- _TASK DIRECTIONS_
Pictures left aside, return the lines below exactly, from the one with "Second view of" to the end, including both ends.

Web page caption snippets
──────

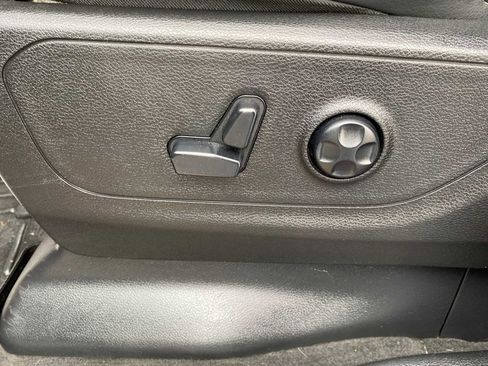 Used 2019 RAM 1500 Sport w/ Alpine Leather & Sound Group AWD/4WD image 16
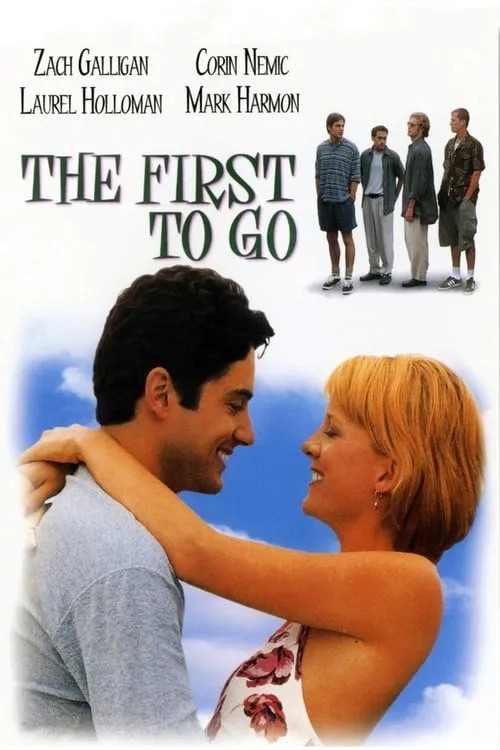 The First to Go (movie)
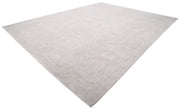 Hand Knotted Serenity Wool Rug 13' 0" x 16' 10" - No. AT36324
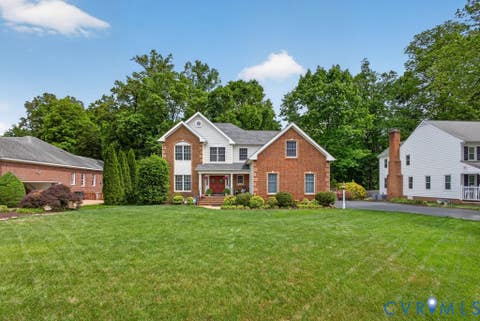 Tiny photo for 8116 Braxton Court, Mechanicsville, VA 23116 (MLS # 2623485)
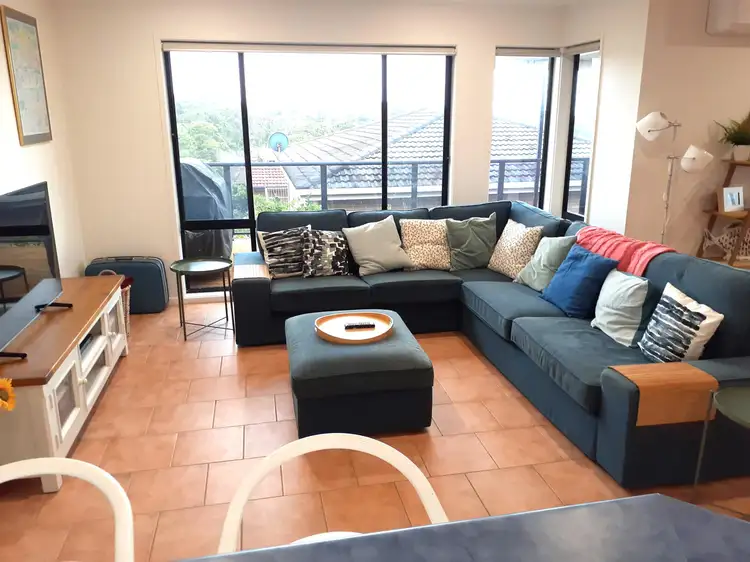 Second view of Homely house listing, 111 Tallawang Avenue, Malua Bay NSW 2536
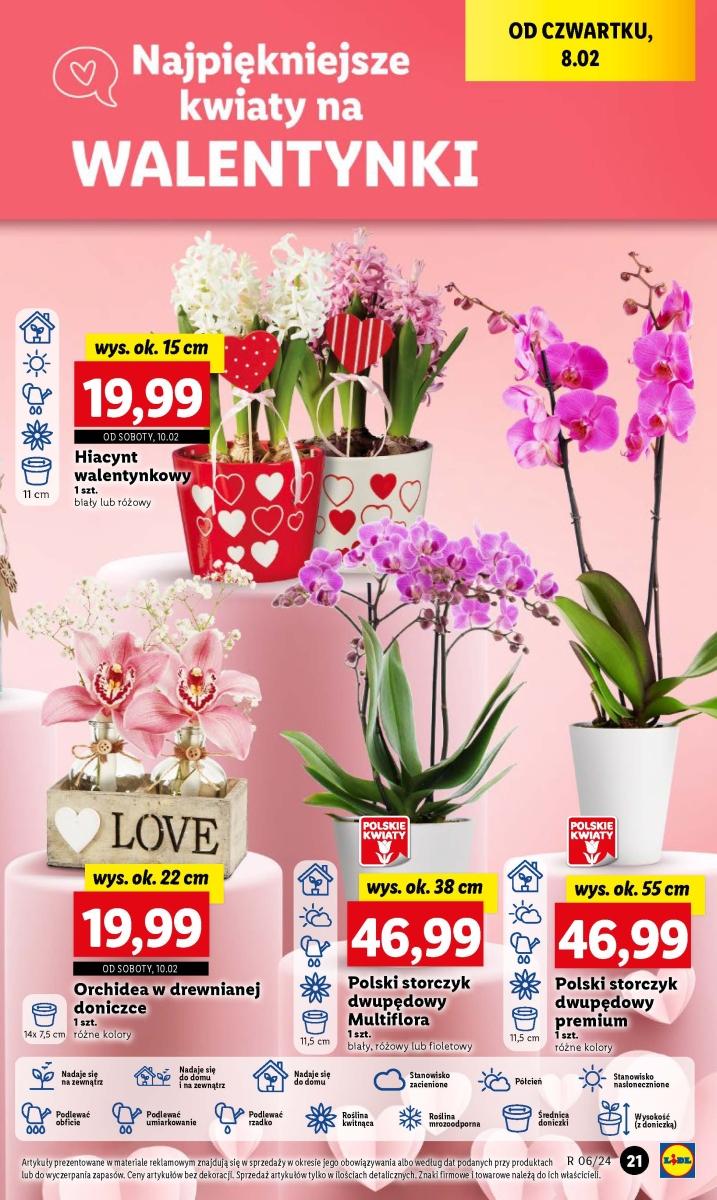 Gazetka promocyjna Lidl str. 25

──────

- _SOLVED PROBLEM_
 Second view of Homely house listing, 111 Tallawang Avenue, Malua Bay NSW 2536
 Gazetka promocyjna Lidl str. 25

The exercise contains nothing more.